If they want to follow history, the GTO would be built on the same chassis as the Chevy Malibu- - Trans Am or Firebird would mimic the Camaro. 

If we don't get a handle on gas prices in the near future, I don't look for many of the proposed muscle cars to make it to production; we may have one of the last. I think the Camaro and Challenger are definitely coming, but after that- - -


----------



## Wing_Nut (Mar 6, 2005)

noz34me said:


> If they want to follow history, the GTO would be built on the same chassis as the Chevy Malibu- - Trans Am or Firebird would mimic the Camaro.
> 
> If we don't get a handle on gas prices in the near future, I don't look for many of the proposed muscle cars to make it to production; we may have one of the last. I think the Camaro and Challenger are definitely coming, but after that- - -


Yeah,

I had high hopes for the Challenger but with a new Private Equity owner at the reins for Chrysler, I suspect it will never see the light of day.


----------



## The_Goat (Mar 10, 2005)

noz34me said:


> If we don't get a handle on gas prices in the near future, I don't look for many of the proposed muscle cars to make it to production; we may have one of the last. I think the Camaro and Challenger are definitely coming, but after that- - -


:agree I've heard near $4.00 by end of year, heck oil is almost 100.00 a barrel now.


----------



## GTO JUDGE (May 14, 2005)

The_Goat said:


> :agree I've heard near $4.00 by end of year, heck oil is almost 100.00 a barrel now.


It will come down, the demo's have a plan.


----------



## madkat (Jul 20, 2006)

GTO JUDGE said:


> It will come down, the demo's have a plan.


They do???

I have yet to hear any real plans from them in 60 yrs... they are as bad as the Repubs.

"Absolute power.. corrupts absolutely"


----------



## noz34me (Dec 15, 2005)

madkat said:


> They do???
> 
> I have yet to hear any real plans from them in 60 yrs... they are as bad as the Repubs.
> 
> "Absolute power.. corrupts absolutely"


Exactly; that's why I will never vote for another incumbent.
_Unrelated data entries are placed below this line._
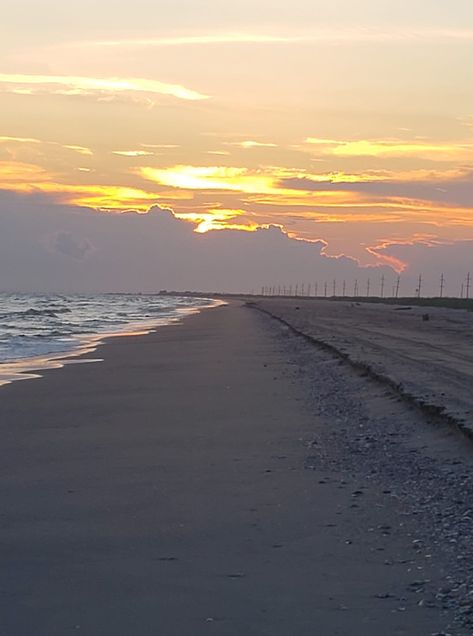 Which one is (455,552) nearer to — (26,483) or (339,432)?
(26,483)

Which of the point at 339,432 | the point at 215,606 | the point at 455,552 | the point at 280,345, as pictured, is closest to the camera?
the point at 215,606

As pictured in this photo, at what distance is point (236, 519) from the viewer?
7.87 meters

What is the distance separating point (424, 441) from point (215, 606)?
5993mm

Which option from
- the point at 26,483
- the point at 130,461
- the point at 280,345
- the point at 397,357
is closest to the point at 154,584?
the point at 26,483

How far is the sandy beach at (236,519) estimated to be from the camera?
221 inches

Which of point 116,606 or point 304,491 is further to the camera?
point 304,491

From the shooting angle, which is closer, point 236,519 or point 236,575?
point 236,575

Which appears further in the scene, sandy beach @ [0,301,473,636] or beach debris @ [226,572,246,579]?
beach debris @ [226,572,246,579]

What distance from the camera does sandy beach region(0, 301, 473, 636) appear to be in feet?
18.4

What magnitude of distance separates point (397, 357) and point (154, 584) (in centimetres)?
1717

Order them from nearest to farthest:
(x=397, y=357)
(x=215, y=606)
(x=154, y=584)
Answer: (x=215, y=606), (x=154, y=584), (x=397, y=357)

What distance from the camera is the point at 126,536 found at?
7367mm

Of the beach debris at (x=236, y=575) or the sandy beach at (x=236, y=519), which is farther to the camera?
the beach debris at (x=236, y=575)

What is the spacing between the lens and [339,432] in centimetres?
1241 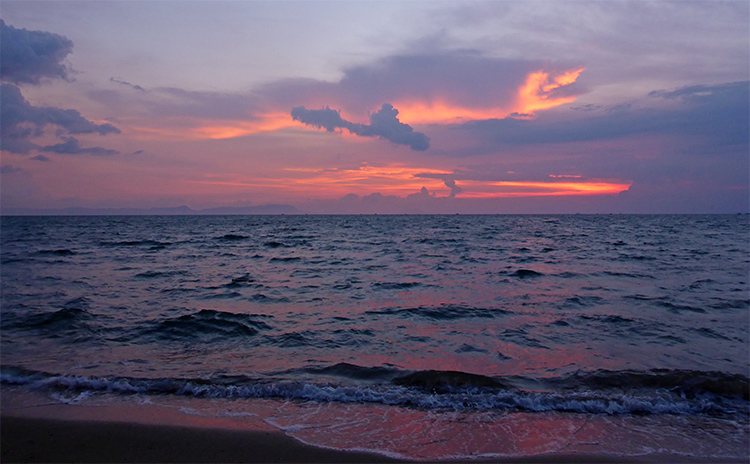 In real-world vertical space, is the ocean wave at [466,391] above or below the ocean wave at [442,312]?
below

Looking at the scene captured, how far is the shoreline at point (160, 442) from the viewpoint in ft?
17.7

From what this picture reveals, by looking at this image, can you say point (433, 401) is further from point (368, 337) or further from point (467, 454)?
point (368, 337)

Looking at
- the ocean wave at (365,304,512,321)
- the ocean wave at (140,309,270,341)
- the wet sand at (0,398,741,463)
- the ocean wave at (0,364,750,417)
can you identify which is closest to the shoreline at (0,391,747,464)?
the wet sand at (0,398,741,463)

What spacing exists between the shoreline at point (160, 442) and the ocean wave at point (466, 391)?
96 cm

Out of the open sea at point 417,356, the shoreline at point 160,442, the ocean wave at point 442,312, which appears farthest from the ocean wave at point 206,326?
the shoreline at point 160,442

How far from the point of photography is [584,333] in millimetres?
11297

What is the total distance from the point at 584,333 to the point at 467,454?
7.36 metres

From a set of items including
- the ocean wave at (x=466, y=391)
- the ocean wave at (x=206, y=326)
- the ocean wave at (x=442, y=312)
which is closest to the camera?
the ocean wave at (x=466, y=391)

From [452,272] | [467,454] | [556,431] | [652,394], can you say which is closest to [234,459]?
[467,454]

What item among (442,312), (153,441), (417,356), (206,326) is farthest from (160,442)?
(442,312)

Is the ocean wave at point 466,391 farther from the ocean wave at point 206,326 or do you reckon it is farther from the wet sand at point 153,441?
the ocean wave at point 206,326

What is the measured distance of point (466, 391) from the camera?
301 inches

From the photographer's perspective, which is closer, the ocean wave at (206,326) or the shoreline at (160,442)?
the shoreline at (160,442)

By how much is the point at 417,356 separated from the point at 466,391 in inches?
77.2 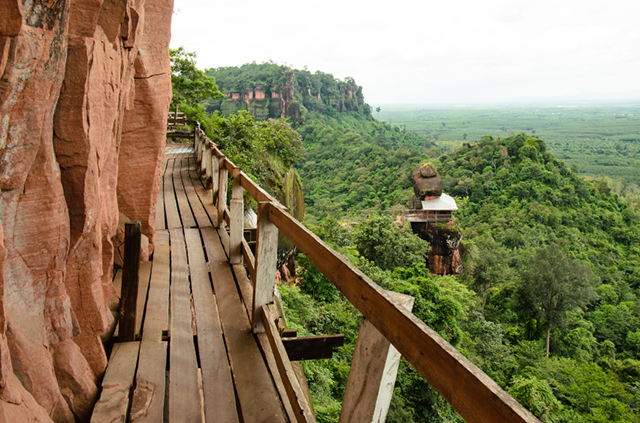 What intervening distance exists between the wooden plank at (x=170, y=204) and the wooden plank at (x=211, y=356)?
1.56m

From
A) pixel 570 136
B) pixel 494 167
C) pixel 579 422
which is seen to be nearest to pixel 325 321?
pixel 579 422

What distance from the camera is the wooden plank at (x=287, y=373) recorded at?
5.65 ft

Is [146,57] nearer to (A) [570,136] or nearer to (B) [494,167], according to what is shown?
(B) [494,167]

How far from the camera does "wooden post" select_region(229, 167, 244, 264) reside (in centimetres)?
358

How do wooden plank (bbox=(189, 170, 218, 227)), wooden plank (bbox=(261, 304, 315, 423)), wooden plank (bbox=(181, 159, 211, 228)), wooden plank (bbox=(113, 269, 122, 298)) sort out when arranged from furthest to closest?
wooden plank (bbox=(189, 170, 218, 227)), wooden plank (bbox=(181, 159, 211, 228)), wooden plank (bbox=(113, 269, 122, 298)), wooden plank (bbox=(261, 304, 315, 423))

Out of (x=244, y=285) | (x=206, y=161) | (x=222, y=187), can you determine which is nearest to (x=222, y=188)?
(x=222, y=187)

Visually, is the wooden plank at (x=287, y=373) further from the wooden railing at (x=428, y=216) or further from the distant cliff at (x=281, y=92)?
the distant cliff at (x=281, y=92)

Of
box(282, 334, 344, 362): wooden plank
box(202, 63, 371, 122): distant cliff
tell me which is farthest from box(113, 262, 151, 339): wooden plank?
box(202, 63, 371, 122): distant cliff

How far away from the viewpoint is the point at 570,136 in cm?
12688

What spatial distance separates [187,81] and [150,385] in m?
20.4

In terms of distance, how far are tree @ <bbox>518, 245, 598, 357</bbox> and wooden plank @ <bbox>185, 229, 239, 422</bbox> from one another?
26.1 metres

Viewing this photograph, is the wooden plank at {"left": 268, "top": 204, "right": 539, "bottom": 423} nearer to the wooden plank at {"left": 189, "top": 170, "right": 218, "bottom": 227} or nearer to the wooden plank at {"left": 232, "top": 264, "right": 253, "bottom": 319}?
the wooden plank at {"left": 232, "top": 264, "right": 253, "bottom": 319}

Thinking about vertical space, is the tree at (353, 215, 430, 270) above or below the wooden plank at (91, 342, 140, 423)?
below

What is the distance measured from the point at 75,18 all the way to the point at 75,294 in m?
1.30
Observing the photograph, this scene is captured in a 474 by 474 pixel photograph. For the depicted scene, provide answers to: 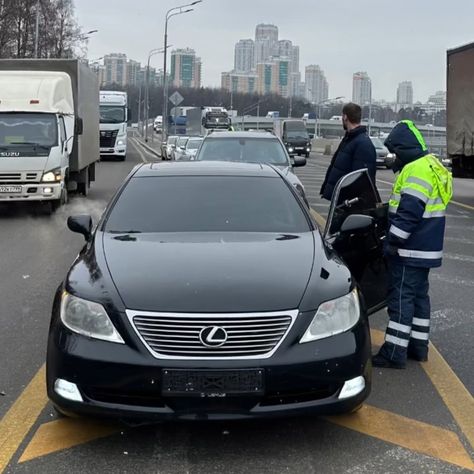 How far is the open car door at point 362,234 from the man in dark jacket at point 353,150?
2.02 m

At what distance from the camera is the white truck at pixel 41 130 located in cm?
1382

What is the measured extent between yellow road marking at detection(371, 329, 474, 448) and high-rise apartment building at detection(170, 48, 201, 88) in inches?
4581

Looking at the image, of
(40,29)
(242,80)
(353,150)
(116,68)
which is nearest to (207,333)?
(353,150)

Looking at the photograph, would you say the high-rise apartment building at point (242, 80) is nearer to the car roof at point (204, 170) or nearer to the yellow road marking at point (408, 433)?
the car roof at point (204, 170)

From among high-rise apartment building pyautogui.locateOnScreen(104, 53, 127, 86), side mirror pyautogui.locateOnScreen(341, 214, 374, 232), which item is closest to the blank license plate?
side mirror pyautogui.locateOnScreen(341, 214, 374, 232)

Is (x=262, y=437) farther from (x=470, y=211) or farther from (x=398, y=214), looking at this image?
(x=470, y=211)

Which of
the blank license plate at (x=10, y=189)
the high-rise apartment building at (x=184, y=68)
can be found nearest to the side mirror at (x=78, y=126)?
the blank license plate at (x=10, y=189)

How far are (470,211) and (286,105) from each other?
96967 mm

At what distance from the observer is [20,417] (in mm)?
4172

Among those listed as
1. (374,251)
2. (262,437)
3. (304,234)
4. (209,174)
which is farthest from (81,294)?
(374,251)

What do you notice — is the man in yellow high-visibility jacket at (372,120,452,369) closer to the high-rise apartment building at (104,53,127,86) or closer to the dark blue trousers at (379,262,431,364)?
the dark blue trousers at (379,262,431,364)

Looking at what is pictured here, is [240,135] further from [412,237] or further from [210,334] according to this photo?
[210,334]

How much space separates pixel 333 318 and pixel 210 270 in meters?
0.73

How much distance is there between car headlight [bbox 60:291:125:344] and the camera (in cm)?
366
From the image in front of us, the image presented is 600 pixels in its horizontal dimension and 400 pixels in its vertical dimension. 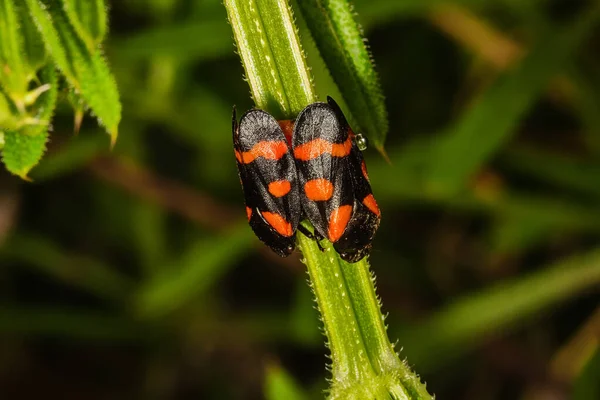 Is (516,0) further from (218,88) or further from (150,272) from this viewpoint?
(150,272)

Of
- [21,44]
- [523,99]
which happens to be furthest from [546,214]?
[21,44]

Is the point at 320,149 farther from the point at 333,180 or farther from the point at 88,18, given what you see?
the point at 88,18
I am sick of corruption and huge egos that run rampant through every party.

Run new blood through there every term- - - eliminate the need for lobbyists, and the subsequent need for politicians to please them in order to secure their $$$$$$$.


----------



## logicbomb (Sep 26, 2007)

Gas prices be sucking. I hope they can get some changes made soon.


----------



## AA GTO SP (Nov 11, 2006)

Wing_Nut said:


> Yeah,
> 
> I had high hopes for the Challenger but with a new Private Equity owner at the reins for Chrysler, I suspect it will never see the light of day.


I thought that project was a go? Wouldn't Chrysler lose money in canceling a project like that at this point?


----------



## madkat (Jul 20, 2006)

noz34me said:


> Exactly; that's why I will never vote for another incumbent. I am sick of corruption and huge egos that run rampant through every party.
> 
> Run new blood through there every term- - - eliminate the need for lobbyists, and the subsequent need for politicians to please them in order to secure their $$$$$$$.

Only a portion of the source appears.